**ACTIVITY**
In the entries that follow, the line with "Son’s Retribution Chapter 56 page 135" opens the range and the line with "Photo of Janelle Arthur" closes it; repeat that range exactly, both lines included.

-------- GIVEN RECORDS --------

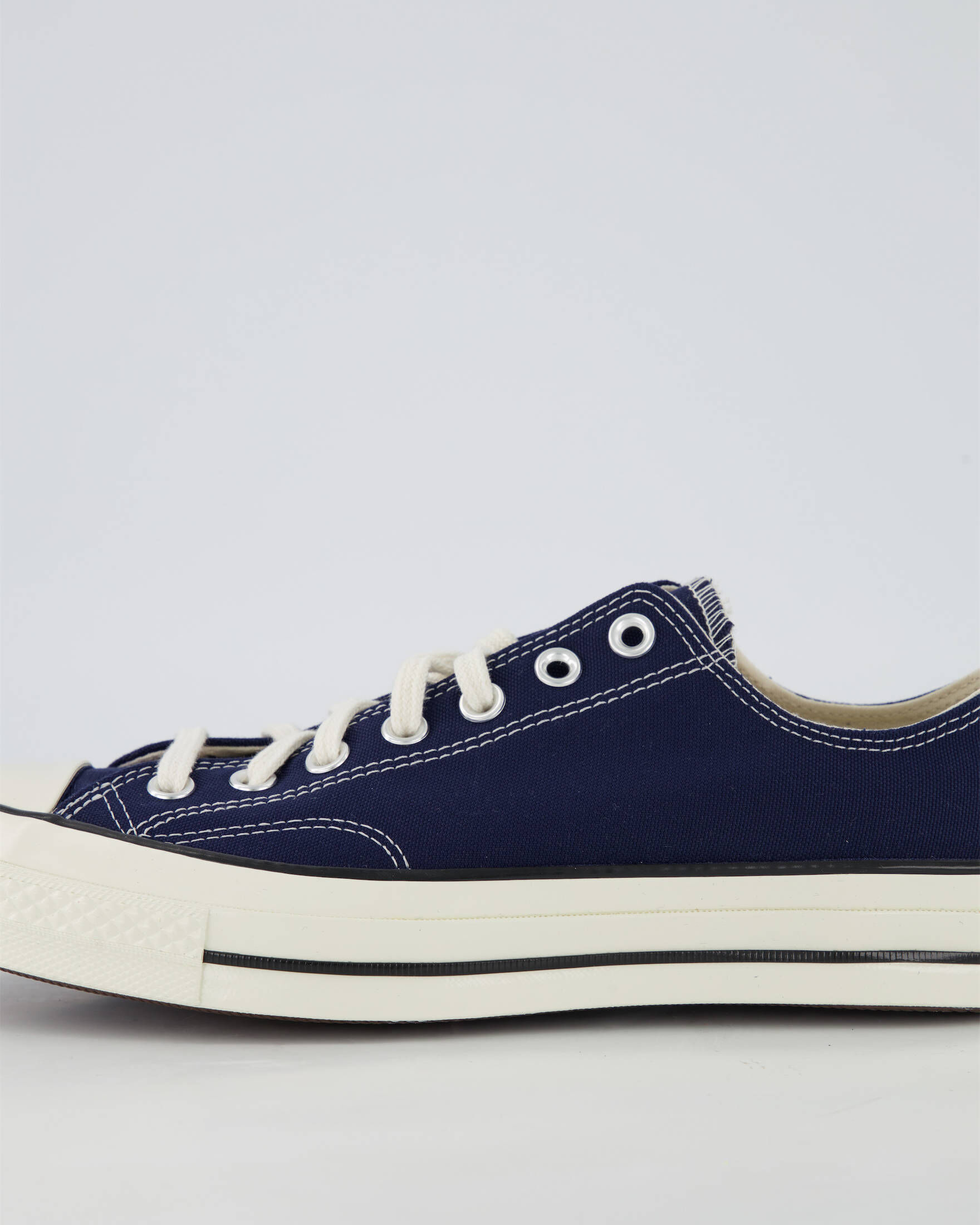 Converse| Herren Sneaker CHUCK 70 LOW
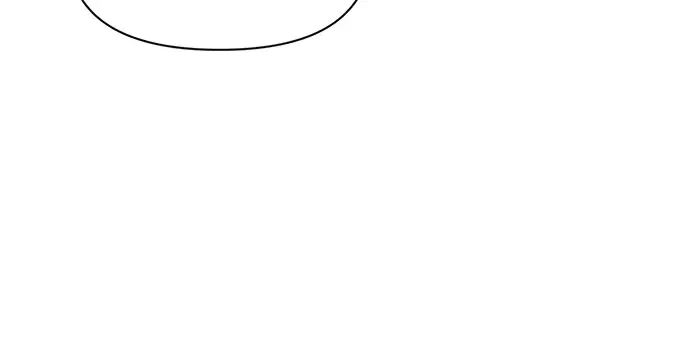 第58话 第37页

--------
-------- GIVEN RECORDS --------

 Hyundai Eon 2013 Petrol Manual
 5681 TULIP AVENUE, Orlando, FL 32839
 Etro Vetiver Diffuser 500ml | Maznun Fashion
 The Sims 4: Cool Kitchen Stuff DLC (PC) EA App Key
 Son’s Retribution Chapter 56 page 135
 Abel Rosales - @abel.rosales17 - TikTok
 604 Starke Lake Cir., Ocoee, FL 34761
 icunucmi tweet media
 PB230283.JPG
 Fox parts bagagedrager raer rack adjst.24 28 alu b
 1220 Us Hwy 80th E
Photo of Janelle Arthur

--------
-------- GIVEN RECORDS --------

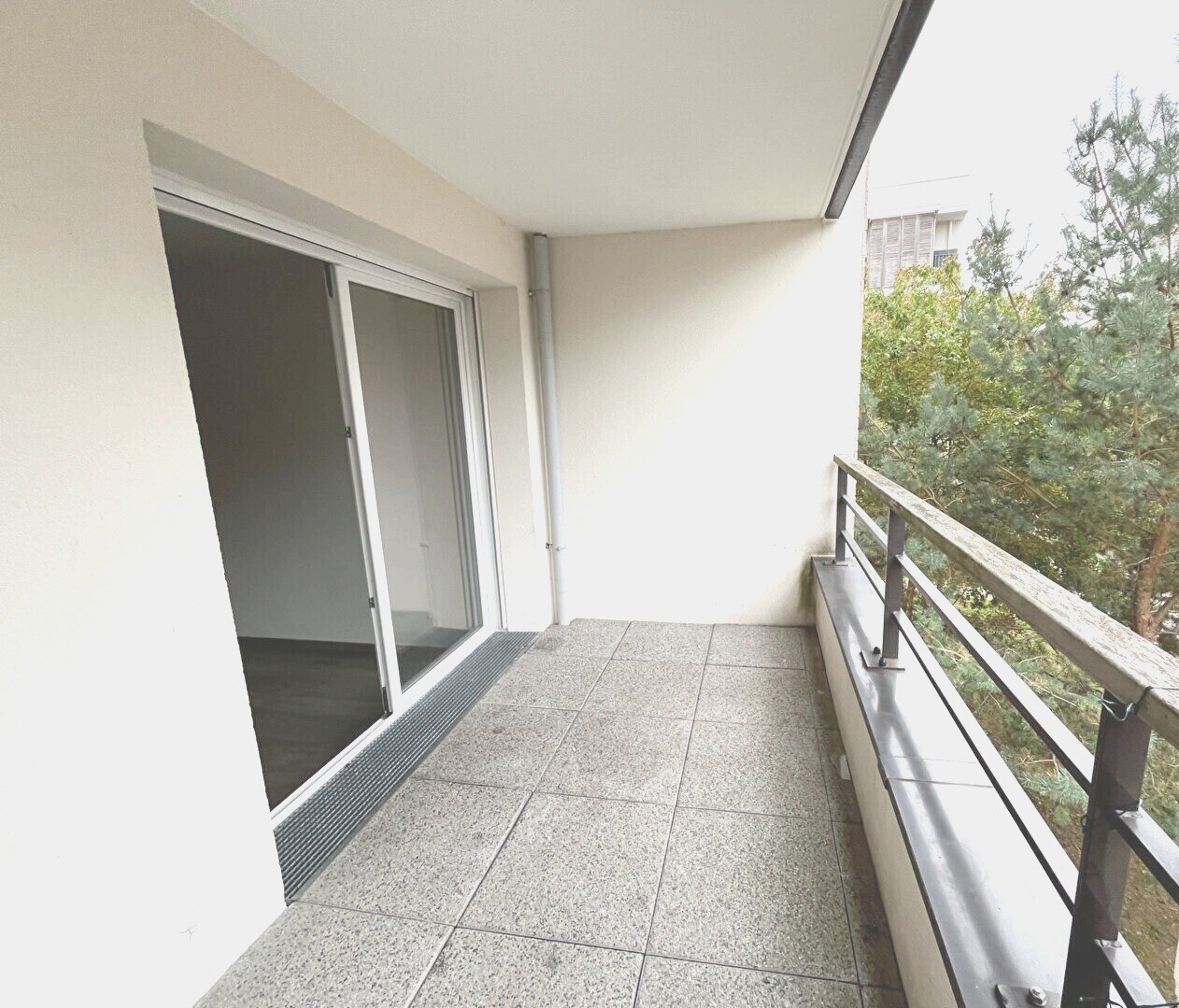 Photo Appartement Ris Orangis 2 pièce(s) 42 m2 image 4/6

--------

**ANSWER FOR THIS EXERCISE**
 Son’s Retribution Chapter 56 page 135
 Abel Rosales - @abel.rosales17 - TikTok
 604 Starke Lake Cir., Ocoee, FL 34761
 icunucmi tweet media
 PB230283.JPG
 Fox parts bagagedrager raer rack adjst.24 28 alu b
 1220 Us Hwy 80th E
Photo of Janelle Arthur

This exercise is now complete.